1. Consistency Layer: Turing Machine
2. Completeness Layer: Ordinal Logic System
3. Self-Driven Layer: Non-Cooperative Game (Nash Equilibrium System)
1. Error in the Choice of Logical Path
After proposing the Turing Machine (guaranteeing consistency), Turing could have continued using the dynamic computational method of the Turing Machine to construct the ordinal logic system, thus advancing the exploration of completeness.
But instead, he chose to rely on his advisor Church’s mathematical logic framework, with the results being:
Fundamental Problem: Mathematical logic is a static language, incapable of describing dynamic computation.
2. Limitation of Starting from Static Recursion
Turing’s thinking started from “static, untyped mechanical steps” and gradually moved toward “dynamic, typed ordinal logic.”
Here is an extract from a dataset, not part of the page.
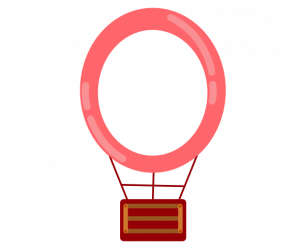 연빨강 열기구 가랜드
However, because of the static nature of mathematical logic, that system can never reach completeness, and must rely on external human judgment.
If approached from another direction—starting with dynamic interactive relations—one would enter the “domain of dynamic computability,” naturally transitioning to the dynamic equilibrium of Nash’s non-cooperative game, ultimately achieving overall unique convergence.
In other words: interactive relations better express the essence of dynamic computation than single-agent computation.
Turing’s mistake lay in failing to start from the computability of dynamic interaction, remaining instead within the static framework of mathematical logic, and thereby missing the path toward “self-driven completeness.”